Devin J. Cornell: Patterns for data collection types

In this article I discuss some patterns and anti-patterns for building specialized types that act as data collections, and I will focus on variable-sized collections of fixed-size data types. This will typically mean iterables of structs or classes that exclusively store atomic data types. Built-in lists, dicts, and arrays are all powerful tools for managing data objects, but I argue that either extending or encapsulating them with custom types can improve the readability, maintainability, and error robustness of your data pipelines.
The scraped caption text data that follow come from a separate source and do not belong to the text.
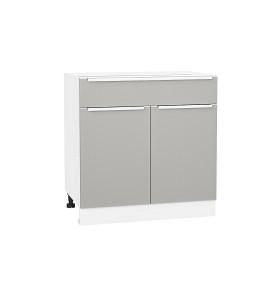 Шкаф нижний с 2-мя дверцами и ящиком Фьюжн, цвет: Silky Light Grey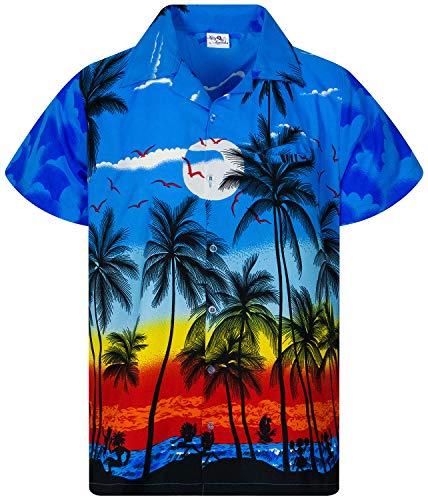 King Kameha Funky Hawaiihemd, Kurzarm, Beach New, Blau, 3XL von King Kameha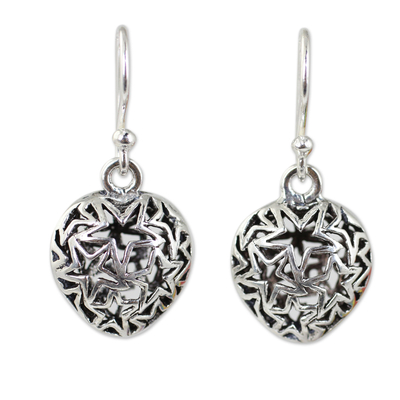 Sterling Silver Star Filigree Earrings from Thailand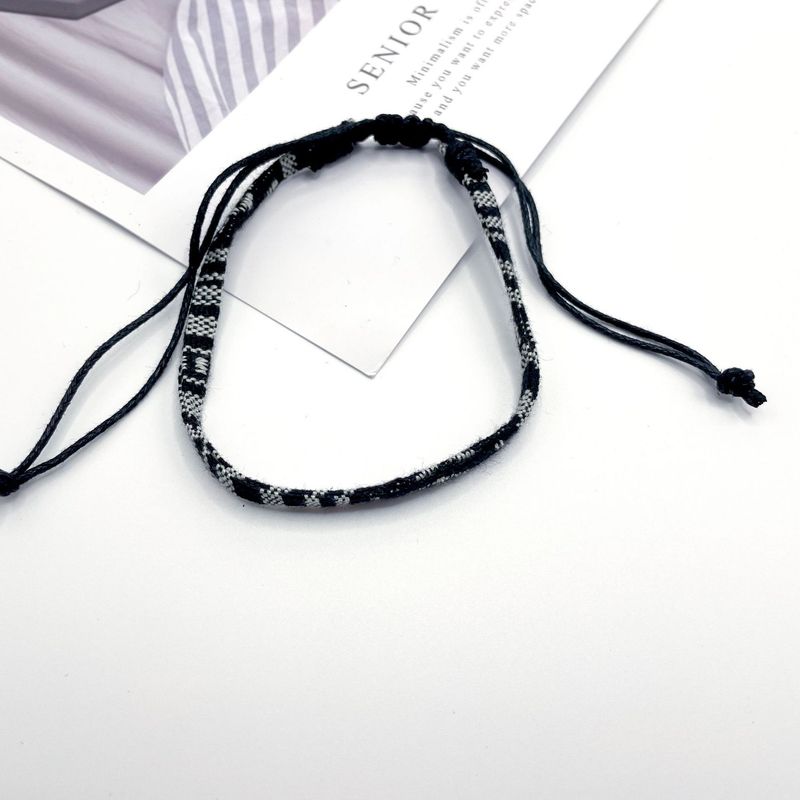 Trendy Nepalese Style Cotton Leinen Woven Fabric Rainbow Armband Fußkettchen Vielseitig bunt verstellbare Fußkette_voghion.com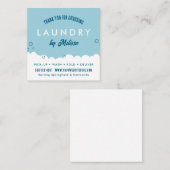 Modern Laundry Service Blue & White Thank You Card Begleitkarte (Vorne/Hinten)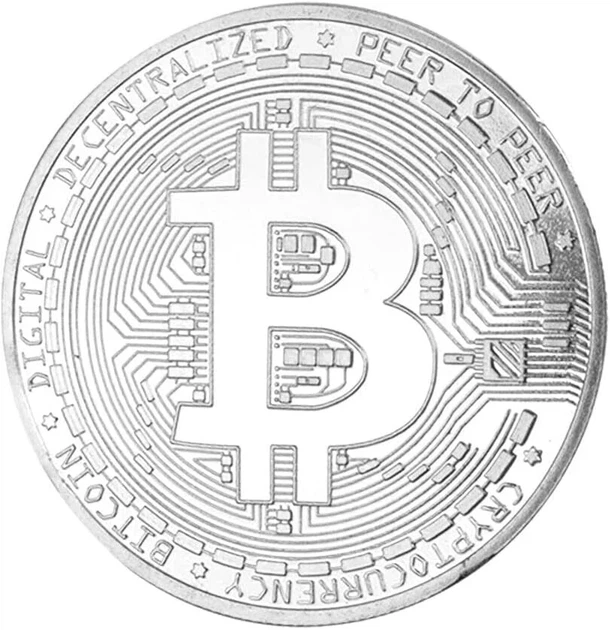 Сувенирная серебристая монета Биткоин (Bitcoin, BTC) на подарок в капсуле - изображение 10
This article serves as a natural progression from my article on patterns for dataclasses (essentially the data objects I reference here) and builds on some of the basic strategies described in my article on weaknesses of using dataframes in your pipelines. The examples I offer here are based in Python, but I believe they could apply to most other languages.

Data Object Collections

Built-in collection types such as lists, arrays, or dicts offer the simplest methods for storing and manipulating sequences of data objects: they are designed to handle collections of any type and are therefore fit for most applications. For example, let us start with a very basic data object in Python built using the dataclasses module. This type has exactly two properties - an int and a float - and is used to represent a single element in your dataset.

import dataclasses

@dataclasses.dataclass
class MyType:
    a: int
    b: float

Creating a list of these objects is then fairly straightforward: we can simply call the constructor in a loop to create a new list of these objects. We can even add a type hint to note that this is a list of objects of this specific type.

import typing

mytypes: typing.List[MyType] = [MyType(i, 1/(i+1)) for i in range(10)]
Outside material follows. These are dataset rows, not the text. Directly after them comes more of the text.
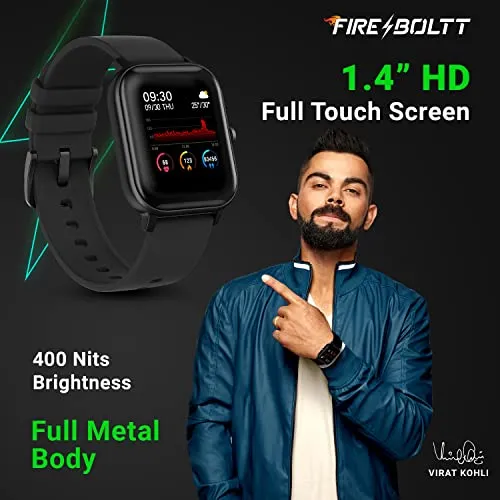 Fire-Boltt SpO2 Full Touch 1.4 inch Smart Watch 400 Nits Peak Brightness Metal Body 8 Days Battery Life with 24*7 Heart Rate monitoring IPX7 with Blood Oxygen, Fitness, Sports & Sleep Tracking (Black)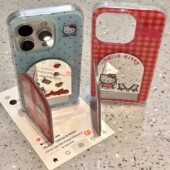 红波点格纹KT猫镜面支架适用苹果16手机壳iPhone15 华为p80小众vivos30女reno14小米15pro 12promax新款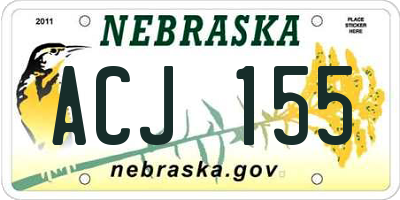 NE license plate ACJ155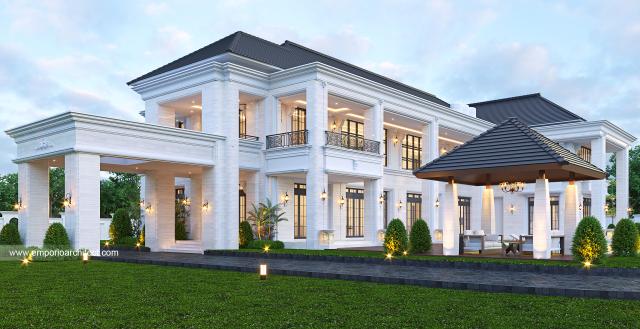 Desain Tampak Belakang 2 Rumah Klasik 2 Lantai Bapak Mubaroq di Jambi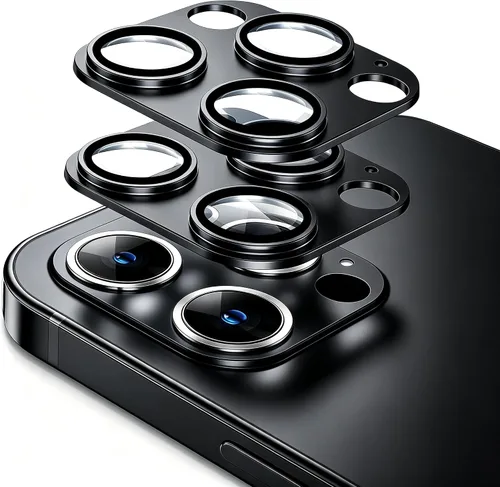 Vista 11 de Protector de lente de cámara compatible con iPhone 13 Pro/iPhone 13 Pro Max, protector de lente de cámara de metal más vidrio templado, diseño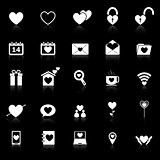 Love icons with reflect on black background
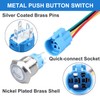 DMWD 1pc 19mm Metal Momentary Push Button Switch 3/4" Mounting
And, of course, we can continue to use methods that operate on iterables to manipulate these objects, typically in for loops (or list comprehensions). These objects are very general, and you can work with them in the same way you work with any other iterable.

mytype_products = [mt.a * mt.b for mt in mytypes]
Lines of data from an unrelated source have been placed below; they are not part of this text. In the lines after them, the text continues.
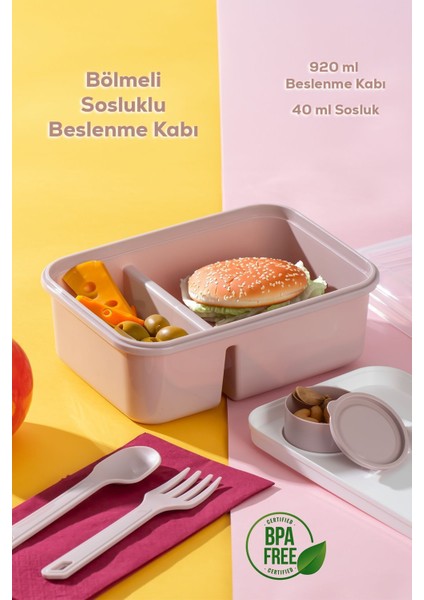 Pembe bölmeli taşınabilir beslenme kabı, kaşık ve çatal içerir, hafif ve kullanışlı fiyatları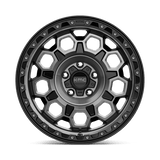 KMC KM545 17x8 +35mm Satin Black with Gray Tint and Simulated Beadlock (5x114.3)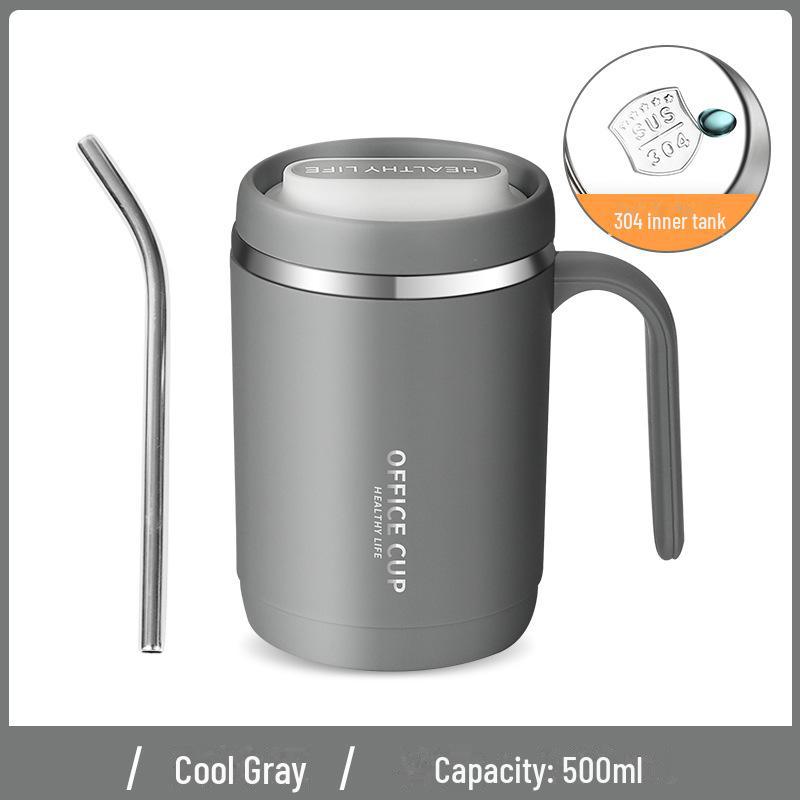 Stainless Steel Insulated Straw Cup - Large Capacity Mug for Coffee, Milk Tea & More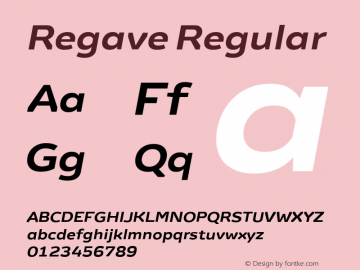 Regave DemiBold Italic Version 1.00 Font Sample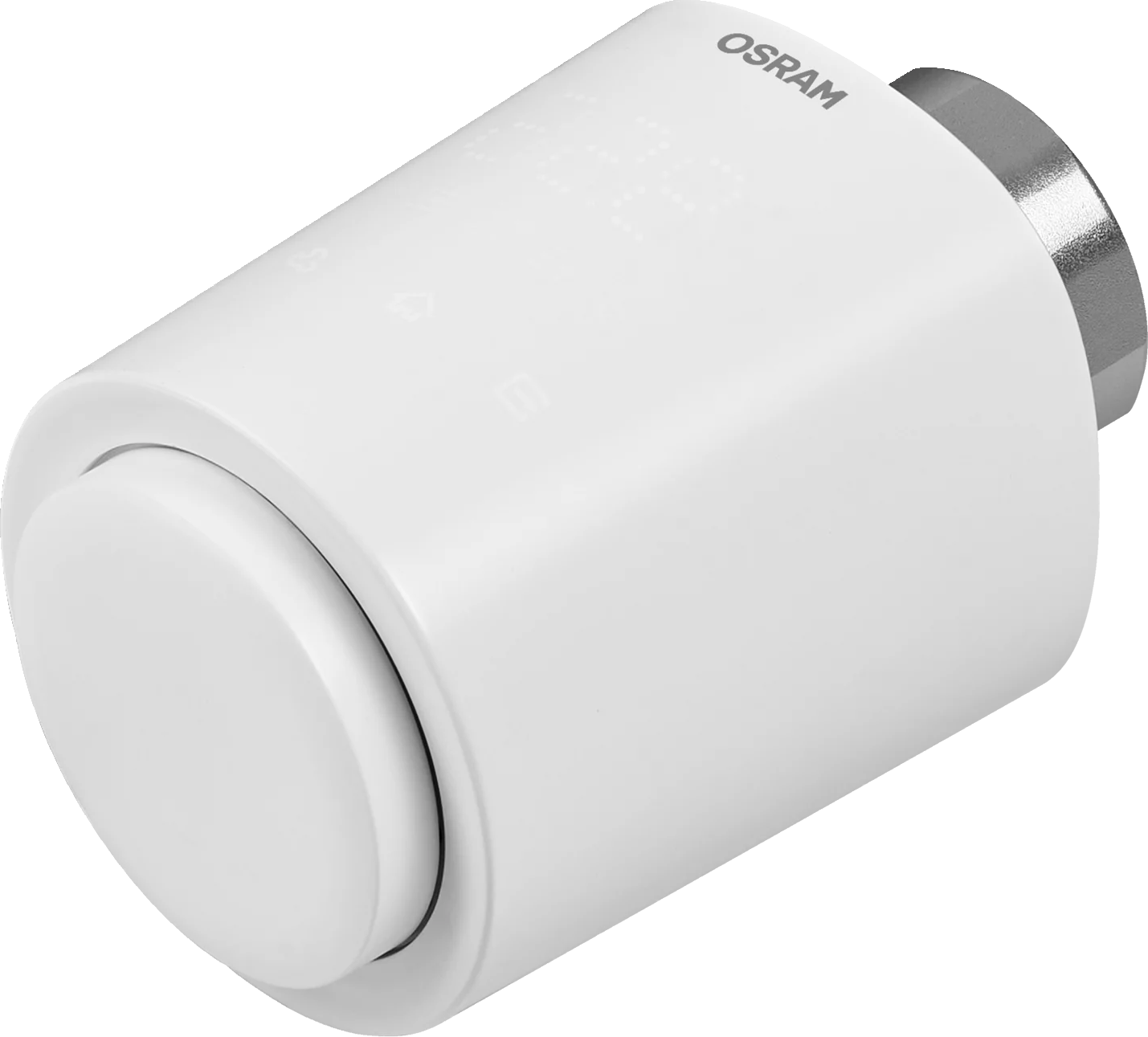 Fehér Osram termosztát digitális kijelzővel és ezüst gyűrűvel.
The problem, I argue, is that they are a little too general - there is nothing in the code that indicates how these objects will be transformed and any downstream customers/functions must use functions that create iterables from scratch. The alternative is that instead of using these built-in types directly, you can create your own application-specific types that can be manipulated according to methods that you define.

In most languages, there are two primary ways to create collection types: (a) extend an existing collection type, or (b) encapsulate a collection in another custom type. I will discuss each approach below, but most subsequent patterns will focus on the encapsulating approach because it is more complicated and should make clear the approach you would use for extended types.

A. Encapsulate Collection Types

The most typical approach for building custom collection types is to create a wrapper object that contains and encapsulates a collection type. You may choose which features of the collections (such as iteration or indexing) to expose and add additional methods The dataclasses module can be helpful here as it can build a constructor that accepts a single object: a collection of objects of some type (note that it very well could contain more). The constructor simply assigns the collection to an attribute of the object.

@dataclasses.dataclass
class MyCollection:
    objs: typing.List

And you might instantiate the new collection like this:

MyCollection([])

You could even default set a default to allow you to create an empty collection.

@dataclasses.dataclass
class MyCollection:
    objs: typing.List[MyType] = dataclasses.field(default_factory=list)

In which case you could use MyCollection() to instantiate a collection with an empty list.

B. Extend Existing Types

Alternatively, for simple cases, you may extend an existing collection type. To do this in Python, you will probably want to use the typing module instead of list, dict, or set directly. This object will work almost exactly like the inherited type, but with any additional methods you would like to assign.

class MyCollectionExtended(typing.List[MyType]):
    pass

You would access this the same way you use the list constructor.

MyCollectionExtended(MyType(i, i + 1) for i in range(10))

For this article, I will use the former approach that involves wrapping collections, but I certainly do find extending existing types to be valuable in simple cases where I want to minimize code. Using some of the encapsulation principles I discuss here (namely static factory methods), you could easily design your pipeline such that you could shift from one approach to another as the project changes.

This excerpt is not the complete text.